The other Alabamian who played a leading role on the national stage in that era was George Wallace. About the same age, both were born and raised in the same hard scrabble poverty of the rural deep South in the Great Depression. In 1958, the same year Brant was hired at Alabama, Wallace ran for governor as a progressive populist and was defeated by a hard core segregationist. Wallace then infamously vowed to “never be out n—–ed again” and he wasn’t. Four years later he won the governor’s race and embarked on a national career based on resentment, racism and abject ridicule of “the fed’al gubment.”

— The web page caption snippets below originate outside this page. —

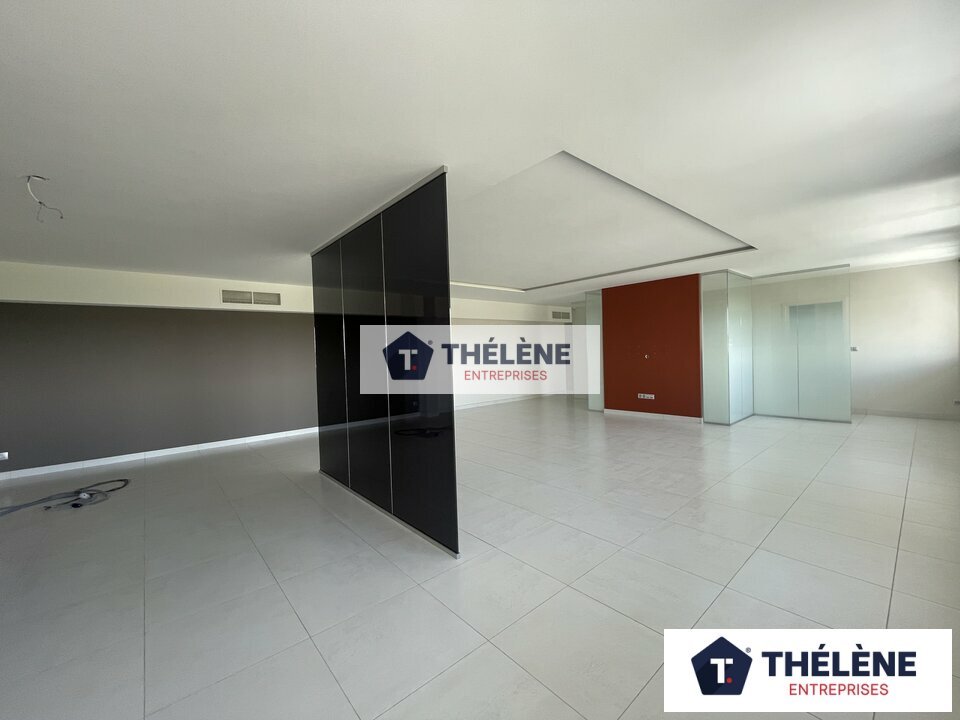 Local commercial 1 pièce 165 m² · à St Jean de Vedas · 165 m² · 1 895 €/mois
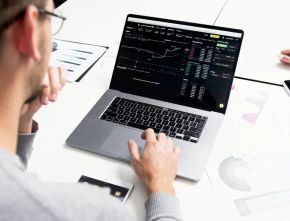 Rame! Ini 5 Aplikasi Investasi Saham Amerika yang Jadi Pilihan Investor Indonesia
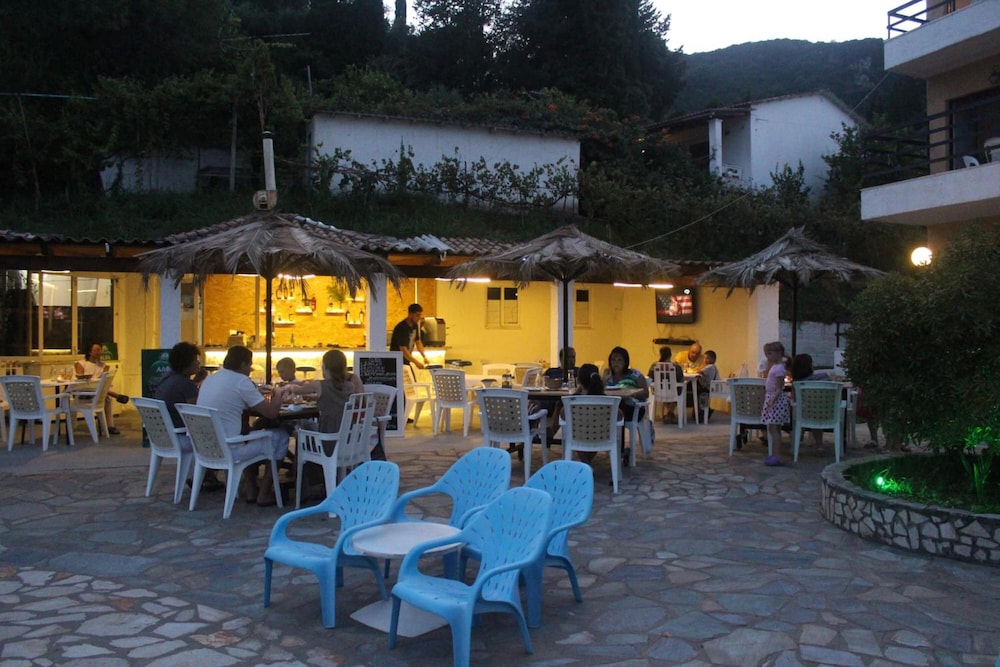 Le Mirage Hotel 7/51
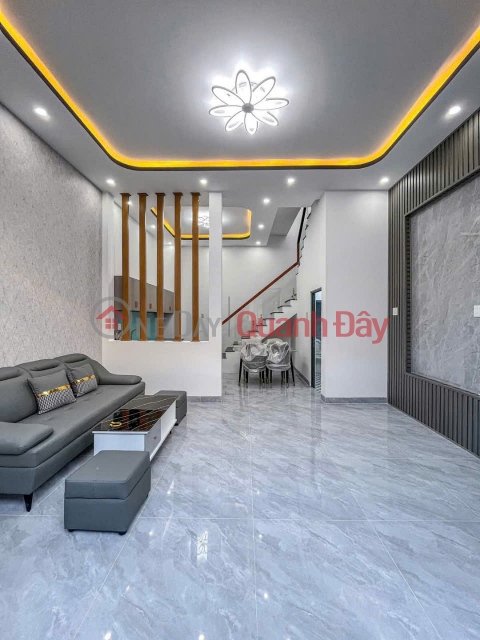 HOUSE FOR SALE 1 GROUND FLOOR 1 FIRST FLOOR 2 BEDROOMS SPACIOUS _0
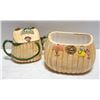 Image 1 : FLAT OF VINTAGE FISHING BASKET TEAPOT AND COOKIE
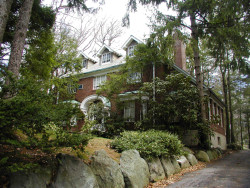 216 Valentine St, Newton, MA 02465-3002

Interesting, you say, but what does this have to do with South Carolina politics?

First, great leaders, either in football or politics, create great expectations and people respond by trying to live up to these expectations. Bear told his players they were special, he treated them like they were special and they played like they were special.

Every player on the team was fitted out with a snappy crimson blazer, sharp creased dark slacks and alligator shoes -- yes, alligator shoes. To a bunch of back roads Alabama boys one step removed from the overalls of the farm, that outfit make them feel like Supermen -- and they played like it.

Second, for Bryant it was always about the team and results, not the individual players or their personal egos. In 1962, Bryant recruited Joe Namath, one of the first great players of the modern era of TV football. In his first season after a bad play, Namath came off the field and made a show of throwing his helmet on the ground in frustration. Bear calmly walked over to Joe, put a fatherly arm around his shoulder and quietly said, “Boy, if you ever do that again, I’ll personally put you in the car and drive you back to Pennsylvania and put you out.” He would have and Namath knew it.

George Wallace, on the other hand, appealed to the worst instincts of Alabamians. Instead of inspiring people with great expectations, he played on whites’ fears and prejudice about blacks. While Bear sought to make “his boys” feel and act special, Wallace played on white folks’ insecurities and resentments.

Bear Bryant had more than his share of human faults and he was not above stoking a sense of Southern regional pride when playing against schools north of the Mason-Dixon line. But he understood something basic about leadership. He made everyone feel that they could be a winner and he brought out the best in his players. He demanded results and did not put up with excuses or petty egos.

It has been years since we have had a politician -- of either party -- in South Carolina that truly inspired us. At a time when we need real leadership, we are getting politicians that appeal to our worst instincts.

Now more than ever, we need leaders that demand and produce real results and don’t offer up excuses or rely on the cheap political rhetoric of division or rigid ideology.

So while all of us in the Palmetto State will be pulling for either the Tigers or the Gamecocks, at least once, for a brief moment, I’ll think “Roll Tide.”

(Phil Noble is a businessman in Charleston and president of the SC New Democrats, an independent reform group founded by former Gov. Richard Riley. His column is provided by the S.C. News Exchange.)